Think of it like a game of musical chairs, but with molecules instead of people and only certain types of molecules can play.”
Halide ions from aryl halides can be removed by nucleophiles, especially if the aryl halide has strong ortho or para electron-withdrawing groups. This type of reaction is known as a nucleophilic aromatic substitution because a nucleophile replaces a leaving group on an aromatic ring. The examples below demonstrate how 2,4-dinitrochlorobenzene can lose chloride when ammonia and hydroxide ions are present.
Applications for nucleophilic aromatic substitution are substantially more limited than those for electrophilic aromatic substitution. A potent nucleophile replaces a leaving group, such as a halide, in nucleophilic aromatic substitution. Since aryl halides are unable to acquire the proper geometry for backside displacement, the process cannot be the SN2 mechanism. The aromatic ring prevents the nucleophile from getting close to the carbon atom that is carrying the halogen.
The mechanism cannot be involved either. Strong nucleophiles are required for nucleophilic aromatic substitution, and the reaction rate is proportional to the concentration of the nucleophile. Thus, the nucleophile must be involved in the rate-limiting step.
The ring is activated for nucleophilic aromatic substitution by electron-withdrawing substituents (such as nitro groups), which may indicate that the ring is developing a negative charge in the transition state. In fact, the absence of at least one strong electron-withdrawing group makes nucleophilic aromatic replacements challenging. (In contrast to electrophilic aromatic substitution, where electron-withdrawing substituents cause the reaction to slow down or stop, this effect is the opposite).
Nucleophilic aromatic substitutions have been studied in detail. Either of two mechanisms may be involved, depending on the reactants. One mechanism is similar to the electrophilic aromatic substitution mechanism, except that nucleophiles and carbanions are involved rather than electrophiles and carbocations. The other mechanism involves “benzyne,” an interesting and unusual reactive intermediate.
The Addition–Elimination Mechanism
Think about how sodium hydroxide and 2,4-dinitrochlorobenzene react.
A negatively charged sigma complex is created when the nucleophile hydroxide hits the carbon-containing chlorine. The ortho and para carbons of the ring and the electron-withdrawing nitro groups serve as delocalization sites for the negative charge. 2,4-Dinitrophenol is produced when the sigma complex loses its chloride; in this basic solution, it is deprotonated.
The addition–elimination mechanism requires strong electron-withdrawing groups to stabilize a negatively charged sigma complex.
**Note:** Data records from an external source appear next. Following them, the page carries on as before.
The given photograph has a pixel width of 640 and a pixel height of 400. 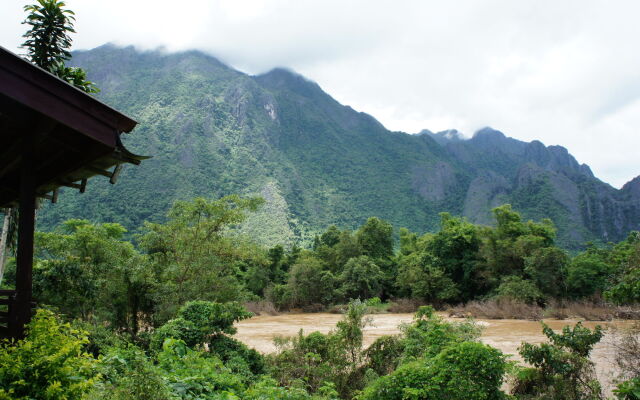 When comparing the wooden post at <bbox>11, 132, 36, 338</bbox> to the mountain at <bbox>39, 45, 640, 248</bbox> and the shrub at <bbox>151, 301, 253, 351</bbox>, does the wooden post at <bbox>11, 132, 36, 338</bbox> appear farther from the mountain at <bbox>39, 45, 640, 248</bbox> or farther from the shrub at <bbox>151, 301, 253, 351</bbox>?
the mountain at <bbox>39, 45, 640, 248</bbox>

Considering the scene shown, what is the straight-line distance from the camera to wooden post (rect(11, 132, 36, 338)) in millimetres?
3260

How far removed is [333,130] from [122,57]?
6676 cm

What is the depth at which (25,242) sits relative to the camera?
335 centimetres

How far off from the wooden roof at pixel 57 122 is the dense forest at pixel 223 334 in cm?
145

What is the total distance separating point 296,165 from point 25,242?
3956 inches

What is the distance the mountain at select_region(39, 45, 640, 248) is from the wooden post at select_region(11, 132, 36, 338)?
174 ft

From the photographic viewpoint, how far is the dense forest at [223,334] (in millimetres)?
3479

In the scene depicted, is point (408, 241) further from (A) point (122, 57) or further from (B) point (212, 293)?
(A) point (122, 57)

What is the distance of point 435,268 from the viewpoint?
3256 cm

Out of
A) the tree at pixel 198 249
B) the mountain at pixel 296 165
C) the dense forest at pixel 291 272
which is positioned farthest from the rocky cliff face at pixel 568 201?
the tree at pixel 198 249

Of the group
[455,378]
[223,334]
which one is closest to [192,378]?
[455,378]

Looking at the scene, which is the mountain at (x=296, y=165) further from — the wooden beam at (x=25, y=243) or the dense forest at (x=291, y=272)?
the wooden beam at (x=25, y=243)

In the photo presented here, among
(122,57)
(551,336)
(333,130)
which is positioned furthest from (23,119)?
(122,57)

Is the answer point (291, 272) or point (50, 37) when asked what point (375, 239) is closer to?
point (291, 272)
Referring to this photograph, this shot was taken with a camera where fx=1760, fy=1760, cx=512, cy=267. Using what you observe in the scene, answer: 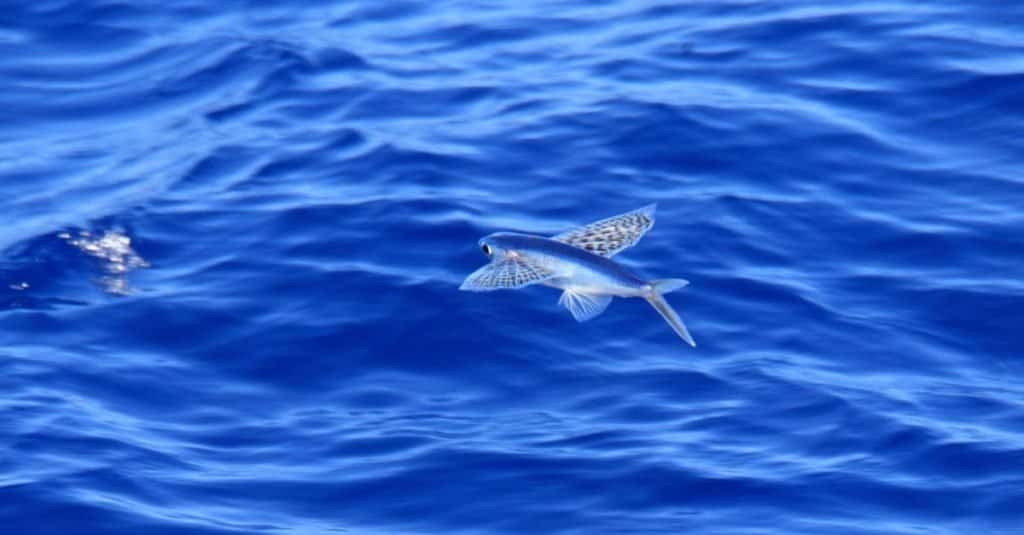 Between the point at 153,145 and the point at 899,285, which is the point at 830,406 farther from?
the point at 153,145

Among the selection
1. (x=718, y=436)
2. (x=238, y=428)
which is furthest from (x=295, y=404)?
(x=718, y=436)

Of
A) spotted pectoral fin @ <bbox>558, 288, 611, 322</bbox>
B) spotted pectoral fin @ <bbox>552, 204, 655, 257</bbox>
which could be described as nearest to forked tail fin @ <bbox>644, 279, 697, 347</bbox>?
spotted pectoral fin @ <bbox>558, 288, 611, 322</bbox>

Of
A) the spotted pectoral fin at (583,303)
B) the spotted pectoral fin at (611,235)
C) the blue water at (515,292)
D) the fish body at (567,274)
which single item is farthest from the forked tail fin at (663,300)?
the blue water at (515,292)

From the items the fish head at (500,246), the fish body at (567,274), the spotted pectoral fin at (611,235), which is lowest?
the fish body at (567,274)

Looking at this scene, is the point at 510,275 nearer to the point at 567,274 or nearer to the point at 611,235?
the point at 567,274

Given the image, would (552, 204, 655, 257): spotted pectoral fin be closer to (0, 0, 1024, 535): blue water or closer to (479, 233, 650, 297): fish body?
(479, 233, 650, 297): fish body

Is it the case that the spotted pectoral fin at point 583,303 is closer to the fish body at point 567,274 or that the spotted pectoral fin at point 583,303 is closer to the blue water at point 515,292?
the fish body at point 567,274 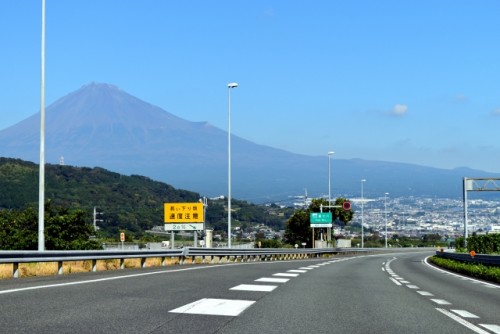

Step 1: Attack by the nucleophile gives a resonance-stabilized sigma complex.
Step 2: Loss of the leaving group gives the product.
Step 3: This product (a phenol) is acidic, and is deprotonated by the base.
After the reaction is complete, acid would be added to deprotonate the phenoxide ion to give the phenol.
The resonance forms displayed in the mechanism box demonstrate how the stabilization of the intermediate (and the transition state leading to it) is aided by the nitro group ortho and para to the halogen. The development of the negatively charged sigma complex is rare in the absence of strong resonance-withdrawing groups in these places.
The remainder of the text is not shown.